Mark Hugel is a candidate for Portsmouth City Council. His name will appear on the ballot on Nov. 8, 2022.

Mark Hugel is a candidate for Portsmouth City Council. His name will appear on the ballot on Nov. 8, 2022.

10 On Your Side reached out to all of the candidates running in this race. If you do not see the candidate listed with a profile, we did not receive one.


See who is on your ballot by viewing the candidate lists on the Virginia Department of Elections website.


Name: Mark Hugel

Race: Portsmouth City Council

Website: Rear Admiral Mark Hugel for City Council

Biography: Rear Admiral Mark Hugel, USN (retired) was born and raised in a midwestern town of 60,000 — Mansfield, Ohio. His dad was a plumber, and his mom write commercial insurance policies. They taught him the importance of integrity and the value of hard work. He and his wife, Luana, married in 1979 and have two grown children who attended Portsmouth Public Schools in their early years. The Hugel’s have been homeowners in Portsmouth since 1986 and chose to return here after retiring from the U.S. Navy in 2009.

Education:

Career

Community engagement:

Why should residents elect you to City Council?

Our citizens must be able to trust the people they elect to serve them. Trust emanates from integrity and when I say “Service with Integrity” it is more than a campaign slogan — it’s my commitment to our community, if I am elected. I have been in leadership roles for over 45 years, and I was recognized by the Franklin Covey Institute back in 2003 for my principle-centered leadership while serving as Shipyard Commander at Norfolk Naval Shipyard.

In addition to integrity as a foundational principle, I am committed to the principles of responsibility, collaboration, and diversity. These are principles I have learned and lived by during my 32 years of active duty service in the Navy and during my 11 years in industry since my military retirement.

I was commissioned into Admiral Hyman Rickover’s nuclear Navy and this excerpt from his testimony to Congress reflected his expectations from each of us regarding responsibility: “Responsibility is a unique concept; it may only reside and inhere in a single individual … Unless you can point your finger at the man who is responsible when something goes wrong, then you have never had anyone really responsible.”

My commitment to Portsmouth is to act responsibly to the needs of our community, to collaborate with leaders and members of our community, and to leverage the diversity in our community to the betterment of Portsmouth. I am committed to be respectful to others. I believe in service with integrity.

What are the top three priorities you would tackle if elected?

What is the most pressing economic issue facing your community, and how would you address it?

Attracting new businesses to Portsmouth is needed for the economy to grow. The biggest obstacles to attracting businesses to Portsmouth our unsafe streets, our lack of sufficient numbers of skilled workers, and instability in Portsmouth government.

My top three priorities are aimed to address safety in our streets and developing our citizens into a skilled workforce that entices employers to move here because we offer the kind of skilled workers they want to employ. My decision to run for office is based solely on my believe that if our voters give me a chance, my leadership experience can help to stabilize the Portsmouth leadership team so that business owners come to view Portsmouth as a community where they want to move or establish their businesses.

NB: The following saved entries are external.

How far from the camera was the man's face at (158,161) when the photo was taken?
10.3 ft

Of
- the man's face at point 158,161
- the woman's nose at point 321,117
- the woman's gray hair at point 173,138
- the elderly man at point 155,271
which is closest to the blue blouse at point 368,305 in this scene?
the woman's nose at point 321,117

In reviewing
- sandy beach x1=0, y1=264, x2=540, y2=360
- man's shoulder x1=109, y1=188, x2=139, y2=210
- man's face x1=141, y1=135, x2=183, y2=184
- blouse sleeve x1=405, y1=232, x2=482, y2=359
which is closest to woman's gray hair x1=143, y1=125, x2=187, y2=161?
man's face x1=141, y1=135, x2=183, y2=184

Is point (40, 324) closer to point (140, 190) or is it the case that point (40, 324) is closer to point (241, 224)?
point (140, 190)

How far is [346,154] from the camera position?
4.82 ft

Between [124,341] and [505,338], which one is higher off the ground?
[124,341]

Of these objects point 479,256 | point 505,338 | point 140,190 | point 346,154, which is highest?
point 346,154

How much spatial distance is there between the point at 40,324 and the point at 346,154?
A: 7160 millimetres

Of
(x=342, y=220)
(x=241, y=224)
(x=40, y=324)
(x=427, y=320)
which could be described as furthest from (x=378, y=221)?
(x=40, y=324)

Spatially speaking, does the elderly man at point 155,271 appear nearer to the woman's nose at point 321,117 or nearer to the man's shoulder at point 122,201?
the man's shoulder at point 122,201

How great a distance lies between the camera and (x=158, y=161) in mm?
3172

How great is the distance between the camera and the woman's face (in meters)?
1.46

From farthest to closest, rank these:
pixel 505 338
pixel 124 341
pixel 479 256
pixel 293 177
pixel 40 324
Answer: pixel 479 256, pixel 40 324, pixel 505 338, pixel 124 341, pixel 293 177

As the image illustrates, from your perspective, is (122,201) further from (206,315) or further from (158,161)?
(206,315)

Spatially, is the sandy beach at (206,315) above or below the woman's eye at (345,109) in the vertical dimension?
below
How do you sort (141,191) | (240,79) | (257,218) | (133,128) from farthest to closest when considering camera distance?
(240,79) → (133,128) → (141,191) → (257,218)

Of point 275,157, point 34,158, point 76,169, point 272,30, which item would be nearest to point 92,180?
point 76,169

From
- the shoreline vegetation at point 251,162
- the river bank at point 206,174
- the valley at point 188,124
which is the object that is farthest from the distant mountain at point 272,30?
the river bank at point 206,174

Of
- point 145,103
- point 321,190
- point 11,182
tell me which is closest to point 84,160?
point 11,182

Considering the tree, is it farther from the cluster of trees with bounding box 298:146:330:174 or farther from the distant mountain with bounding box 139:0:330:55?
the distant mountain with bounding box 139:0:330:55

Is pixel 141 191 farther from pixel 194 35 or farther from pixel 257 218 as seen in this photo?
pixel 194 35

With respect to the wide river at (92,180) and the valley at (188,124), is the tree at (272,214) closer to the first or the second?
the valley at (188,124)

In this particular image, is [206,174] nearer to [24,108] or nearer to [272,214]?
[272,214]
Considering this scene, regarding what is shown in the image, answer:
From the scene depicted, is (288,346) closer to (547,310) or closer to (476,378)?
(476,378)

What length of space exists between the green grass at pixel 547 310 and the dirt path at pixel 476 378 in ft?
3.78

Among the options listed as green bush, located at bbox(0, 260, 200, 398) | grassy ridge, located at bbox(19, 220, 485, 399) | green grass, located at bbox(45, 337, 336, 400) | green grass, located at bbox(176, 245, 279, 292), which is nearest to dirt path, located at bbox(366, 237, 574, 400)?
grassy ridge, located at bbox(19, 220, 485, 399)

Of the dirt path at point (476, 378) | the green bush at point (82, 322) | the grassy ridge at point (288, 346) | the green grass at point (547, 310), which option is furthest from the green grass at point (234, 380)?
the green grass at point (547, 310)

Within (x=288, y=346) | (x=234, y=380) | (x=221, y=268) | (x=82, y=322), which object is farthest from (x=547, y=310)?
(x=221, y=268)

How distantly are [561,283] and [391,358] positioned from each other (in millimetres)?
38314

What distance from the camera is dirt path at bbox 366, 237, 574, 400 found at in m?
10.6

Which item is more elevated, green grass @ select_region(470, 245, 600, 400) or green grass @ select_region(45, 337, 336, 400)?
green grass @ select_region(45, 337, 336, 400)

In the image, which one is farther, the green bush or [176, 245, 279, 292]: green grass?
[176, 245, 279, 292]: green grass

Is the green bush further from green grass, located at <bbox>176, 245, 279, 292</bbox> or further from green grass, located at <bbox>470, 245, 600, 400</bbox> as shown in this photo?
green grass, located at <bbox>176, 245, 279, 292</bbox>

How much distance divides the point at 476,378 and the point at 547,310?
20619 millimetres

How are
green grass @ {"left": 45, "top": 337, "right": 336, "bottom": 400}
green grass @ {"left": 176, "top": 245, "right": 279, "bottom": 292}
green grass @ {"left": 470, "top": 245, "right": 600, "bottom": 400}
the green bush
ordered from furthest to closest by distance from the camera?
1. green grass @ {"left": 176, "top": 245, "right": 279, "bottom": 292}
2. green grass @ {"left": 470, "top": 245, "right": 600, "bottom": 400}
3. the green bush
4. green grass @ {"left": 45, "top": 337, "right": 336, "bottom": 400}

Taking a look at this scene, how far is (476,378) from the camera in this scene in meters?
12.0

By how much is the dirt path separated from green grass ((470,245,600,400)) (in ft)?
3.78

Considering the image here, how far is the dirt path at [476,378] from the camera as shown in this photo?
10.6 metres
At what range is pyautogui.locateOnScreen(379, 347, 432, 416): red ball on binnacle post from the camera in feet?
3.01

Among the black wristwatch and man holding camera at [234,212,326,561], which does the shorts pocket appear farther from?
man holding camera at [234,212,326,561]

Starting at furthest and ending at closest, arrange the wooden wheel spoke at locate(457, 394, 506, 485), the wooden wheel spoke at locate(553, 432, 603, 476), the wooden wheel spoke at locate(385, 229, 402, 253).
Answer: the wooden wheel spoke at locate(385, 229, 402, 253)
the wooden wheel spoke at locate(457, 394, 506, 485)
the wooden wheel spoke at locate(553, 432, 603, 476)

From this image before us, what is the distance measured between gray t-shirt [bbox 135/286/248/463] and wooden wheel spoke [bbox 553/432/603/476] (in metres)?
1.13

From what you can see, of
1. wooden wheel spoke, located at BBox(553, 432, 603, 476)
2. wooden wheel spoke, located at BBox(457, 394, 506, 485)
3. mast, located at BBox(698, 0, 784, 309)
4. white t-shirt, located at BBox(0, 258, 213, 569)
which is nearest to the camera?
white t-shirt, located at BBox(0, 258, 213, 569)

What are your community’s biggest infrastructure needs, and how do you plan to fulfill them?

Portsmouth’s water, sewer, and storm sewer infrastructure is aging-out and unreliable in many parts of the city. The city is currently doing some infrastructure refurbishments, but is concurrently applying inefficient and costly band-aids to broken down sewer pumping stations and has taken some of our water tours out of service that are overdue for corrective maintenance.

Resources must be earmarked to assess the condition of these services and then we must build and execute a long-term plan to revitalize them. Our long-term infrastructure plan needs to get back in front of these issues, and that will require us to prioritize investments in infrastructure revitalization rather than divert money collected for water, sewer, and storm sewer services to pay general fund bills.

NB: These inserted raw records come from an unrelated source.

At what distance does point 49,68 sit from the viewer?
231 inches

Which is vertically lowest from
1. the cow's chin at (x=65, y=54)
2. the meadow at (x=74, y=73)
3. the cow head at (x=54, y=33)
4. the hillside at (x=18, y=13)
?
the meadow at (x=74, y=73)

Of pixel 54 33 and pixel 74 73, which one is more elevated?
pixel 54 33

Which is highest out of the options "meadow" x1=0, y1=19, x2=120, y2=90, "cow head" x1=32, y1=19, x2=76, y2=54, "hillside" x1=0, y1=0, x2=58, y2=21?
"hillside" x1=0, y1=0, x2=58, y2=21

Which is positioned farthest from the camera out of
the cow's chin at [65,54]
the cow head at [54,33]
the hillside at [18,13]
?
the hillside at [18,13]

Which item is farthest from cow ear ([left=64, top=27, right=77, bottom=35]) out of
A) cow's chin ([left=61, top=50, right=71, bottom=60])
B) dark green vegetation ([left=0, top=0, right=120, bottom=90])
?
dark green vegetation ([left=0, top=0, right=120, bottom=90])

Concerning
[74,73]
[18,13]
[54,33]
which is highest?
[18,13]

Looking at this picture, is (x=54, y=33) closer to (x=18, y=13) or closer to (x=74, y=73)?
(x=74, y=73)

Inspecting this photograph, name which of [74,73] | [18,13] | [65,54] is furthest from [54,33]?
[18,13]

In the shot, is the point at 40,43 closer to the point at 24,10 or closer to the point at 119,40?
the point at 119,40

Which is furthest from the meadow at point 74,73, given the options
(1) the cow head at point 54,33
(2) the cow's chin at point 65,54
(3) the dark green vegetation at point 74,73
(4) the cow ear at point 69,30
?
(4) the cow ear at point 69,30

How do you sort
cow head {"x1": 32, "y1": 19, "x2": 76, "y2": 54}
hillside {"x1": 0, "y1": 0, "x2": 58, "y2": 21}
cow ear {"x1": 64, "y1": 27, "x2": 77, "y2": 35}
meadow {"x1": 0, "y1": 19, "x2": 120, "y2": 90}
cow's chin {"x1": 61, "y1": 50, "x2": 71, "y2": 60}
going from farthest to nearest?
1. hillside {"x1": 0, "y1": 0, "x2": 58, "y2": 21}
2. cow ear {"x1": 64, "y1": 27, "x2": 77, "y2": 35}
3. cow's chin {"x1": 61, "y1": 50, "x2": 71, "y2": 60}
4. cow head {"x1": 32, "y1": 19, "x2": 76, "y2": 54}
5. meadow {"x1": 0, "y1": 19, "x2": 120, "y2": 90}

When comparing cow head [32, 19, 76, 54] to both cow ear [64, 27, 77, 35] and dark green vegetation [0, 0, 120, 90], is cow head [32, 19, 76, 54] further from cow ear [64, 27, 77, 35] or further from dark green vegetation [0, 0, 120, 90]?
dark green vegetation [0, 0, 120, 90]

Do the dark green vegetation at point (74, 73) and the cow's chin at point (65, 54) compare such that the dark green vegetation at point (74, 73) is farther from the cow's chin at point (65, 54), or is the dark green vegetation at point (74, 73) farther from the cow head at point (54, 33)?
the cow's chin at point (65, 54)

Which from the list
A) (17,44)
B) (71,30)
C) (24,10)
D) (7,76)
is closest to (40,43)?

How is gun violence impacting your community, and how do you plan to address gun violence?

Portsmouth is suffering as much as more than most communities from gun violence and the victims gun violence creates.

I have participated in several Portsmouth Police Department’s R.E.S.E.T. walks, visiting the neighborhoods where homicides have occurred. Unfortunately, I have spoken with neighbors who seem to accept that they just have to live with gun violence in their communities. We must take back our neighborhoods. This is complicated issue that requires a multi-faceted approach.

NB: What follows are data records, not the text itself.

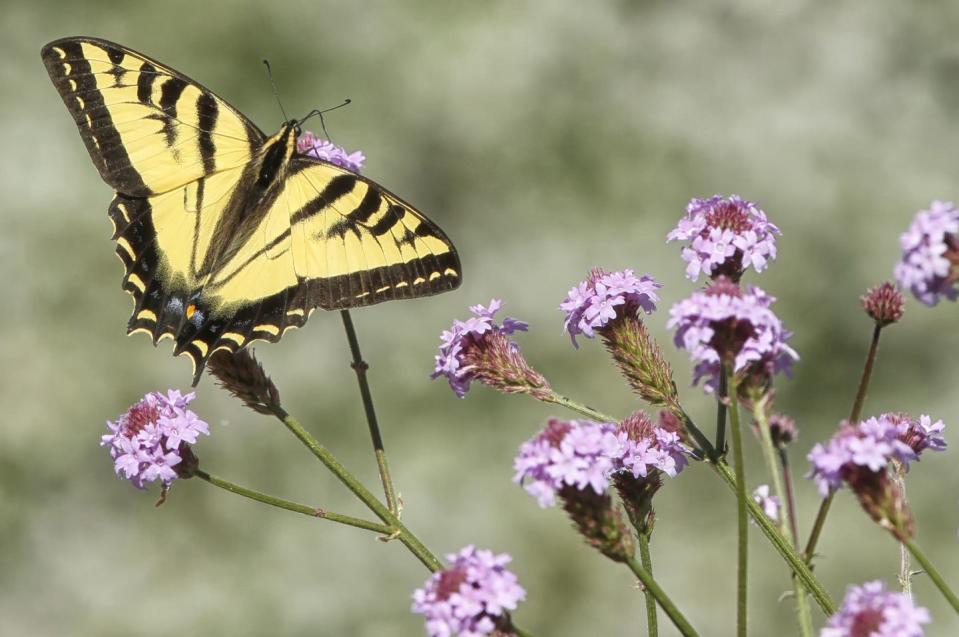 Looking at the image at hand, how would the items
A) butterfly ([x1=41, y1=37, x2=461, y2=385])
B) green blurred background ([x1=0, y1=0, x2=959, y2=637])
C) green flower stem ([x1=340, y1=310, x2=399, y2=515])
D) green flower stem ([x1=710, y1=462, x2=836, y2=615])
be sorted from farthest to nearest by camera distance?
green blurred background ([x1=0, y1=0, x2=959, y2=637]), butterfly ([x1=41, y1=37, x2=461, y2=385]), green flower stem ([x1=340, y1=310, x2=399, y2=515]), green flower stem ([x1=710, y1=462, x2=836, y2=615])

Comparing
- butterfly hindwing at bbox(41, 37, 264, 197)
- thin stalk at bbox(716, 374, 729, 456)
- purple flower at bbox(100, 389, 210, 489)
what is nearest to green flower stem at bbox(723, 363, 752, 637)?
thin stalk at bbox(716, 374, 729, 456)

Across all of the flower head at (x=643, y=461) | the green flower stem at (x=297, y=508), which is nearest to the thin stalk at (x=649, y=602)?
the flower head at (x=643, y=461)

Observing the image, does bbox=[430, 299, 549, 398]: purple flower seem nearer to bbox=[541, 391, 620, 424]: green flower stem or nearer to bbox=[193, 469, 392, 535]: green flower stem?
bbox=[541, 391, 620, 424]: green flower stem

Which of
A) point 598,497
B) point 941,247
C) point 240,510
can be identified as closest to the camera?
point 941,247

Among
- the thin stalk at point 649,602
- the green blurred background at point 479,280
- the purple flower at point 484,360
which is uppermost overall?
the green blurred background at point 479,280

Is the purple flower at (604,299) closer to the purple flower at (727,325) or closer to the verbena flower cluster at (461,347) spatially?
the verbena flower cluster at (461,347)

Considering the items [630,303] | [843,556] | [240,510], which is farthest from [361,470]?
[630,303]

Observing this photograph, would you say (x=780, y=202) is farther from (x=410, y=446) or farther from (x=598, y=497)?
(x=598, y=497) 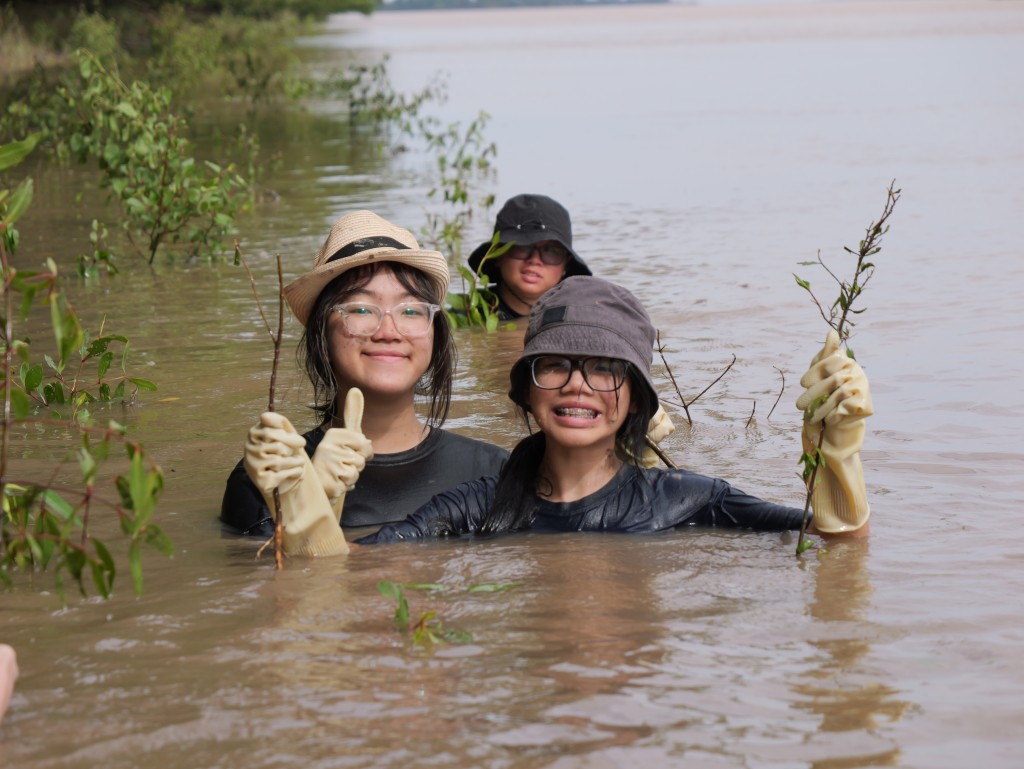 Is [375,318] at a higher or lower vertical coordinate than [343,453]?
higher

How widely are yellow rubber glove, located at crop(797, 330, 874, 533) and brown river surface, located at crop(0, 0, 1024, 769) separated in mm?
167

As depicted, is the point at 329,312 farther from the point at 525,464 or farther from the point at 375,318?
the point at 525,464

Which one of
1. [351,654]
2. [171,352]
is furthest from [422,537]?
[171,352]

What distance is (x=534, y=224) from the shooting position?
7.66 m

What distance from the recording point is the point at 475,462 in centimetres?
471

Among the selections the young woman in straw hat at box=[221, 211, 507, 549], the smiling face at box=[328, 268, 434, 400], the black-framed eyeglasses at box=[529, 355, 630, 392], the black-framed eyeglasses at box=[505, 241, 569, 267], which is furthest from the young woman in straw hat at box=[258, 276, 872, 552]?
the black-framed eyeglasses at box=[505, 241, 569, 267]

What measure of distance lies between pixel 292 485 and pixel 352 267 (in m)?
0.92

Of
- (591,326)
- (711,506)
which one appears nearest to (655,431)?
(711,506)

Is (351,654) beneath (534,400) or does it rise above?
beneath

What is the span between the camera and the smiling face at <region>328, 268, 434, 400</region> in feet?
14.4

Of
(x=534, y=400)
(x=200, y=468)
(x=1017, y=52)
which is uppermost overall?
(x=1017, y=52)

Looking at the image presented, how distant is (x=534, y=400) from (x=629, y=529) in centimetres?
49

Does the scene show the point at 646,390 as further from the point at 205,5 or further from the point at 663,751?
the point at 205,5

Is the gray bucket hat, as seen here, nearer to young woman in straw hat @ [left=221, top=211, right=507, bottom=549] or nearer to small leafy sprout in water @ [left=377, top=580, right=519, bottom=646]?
young woman in straw hat @ [left=221, top=211, right=507, bottom=549] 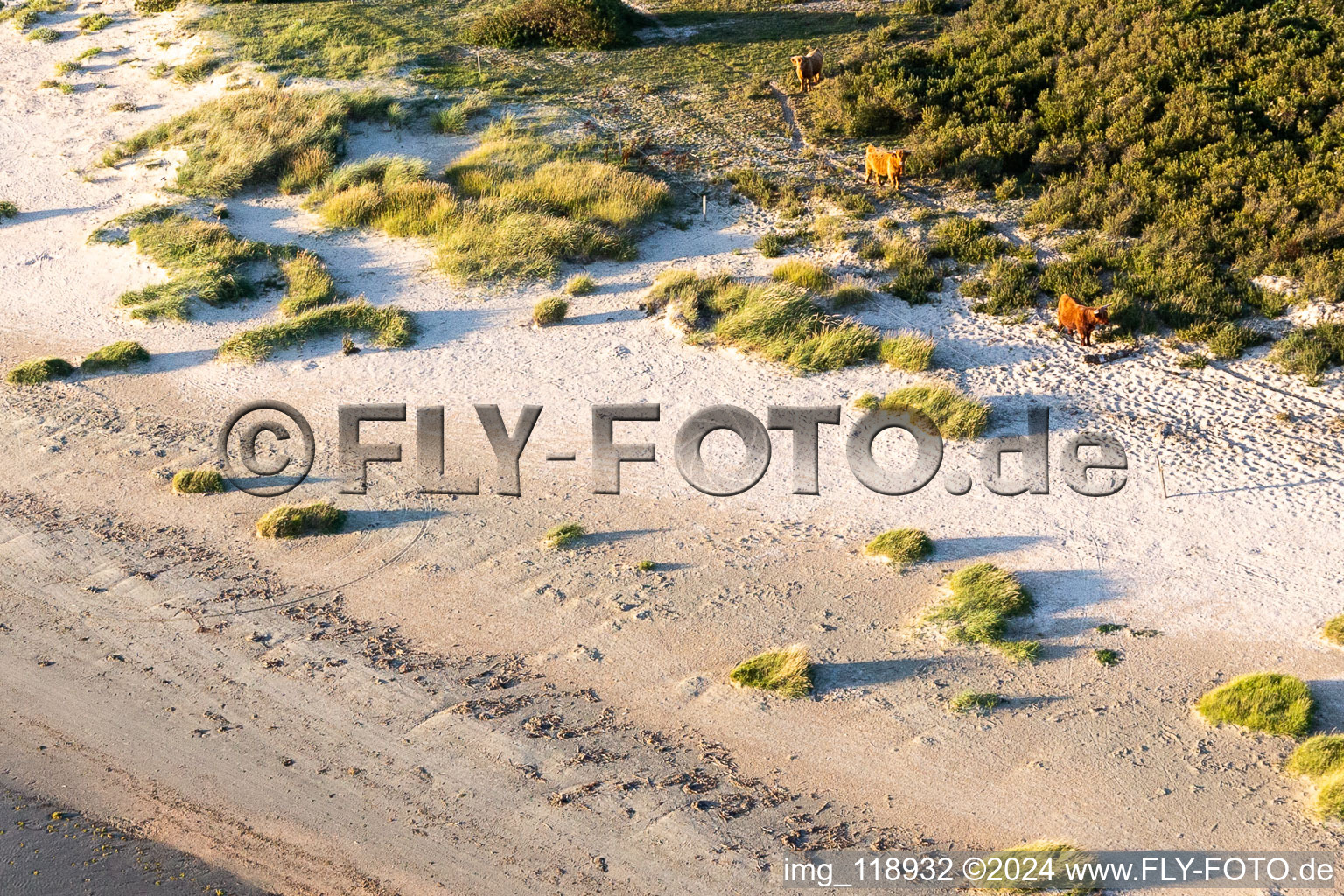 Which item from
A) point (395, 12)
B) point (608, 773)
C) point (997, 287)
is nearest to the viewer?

  1. We need to address public safety team compensation to recruit, hire, and retain our police, sheriff, firefighter, paramedic, and dispatch personnel and fill the vacant, funded positions on our public safety teams. That will require addressing pay compression so that our experienced people don’t leave out of frustration with a pay scale that doesn’t account for years of experience and good performance. It will require providing stability in leadership, from the city manager to the public safety leadership, and through the upper leadership in the public safety team. Additionally, our police force should be aided with technology — aided by systems like ShotSpotter and Flock Safety that not only monitor for shots fired, but also can provide camera coverage and license plate identification to alert police to incursion by criminal who don’t live in our city, but come here to commit crimes and cause trouble.
  2. We need to listen to and support members of our community who have credibility with the kids who are consistently in trouble. Those that have a plan to engage our kids by modeling good behaviors and offering alternative activities to keep the kids busy in healthy activities should receive the resources they need to help our kids. But — no plan, no money — these groups and their activities must fit into a holistic approach to get kids into activities that help them develop life and employment skills.
  3. We need to listen to our neighbors who are being directly impacted by violence on our streets — they know what’s going on and, by listening to their ideas, we can implement ideas that will make a difference. Our civic leagues have an important role to play — not only to surface gripes from neighbors to city hall, but also to encourage neighbors to work together and restore pride in their neighborhoods.
  4. We need our churches to engage and support families who are struggling to hold their kids accountable to choose right from wrong. It truly takes a village.
  5. We need to help those who are living at or below the poverty line to get trained and hired into better jobs – jobs that lead to careers with better pay, better benefits, hope for a better future. Leveraging the skills training possibilities in our high schools and at TCC, we should offer retraining opportunities that allow folks who want career opportunities to have those opportunities.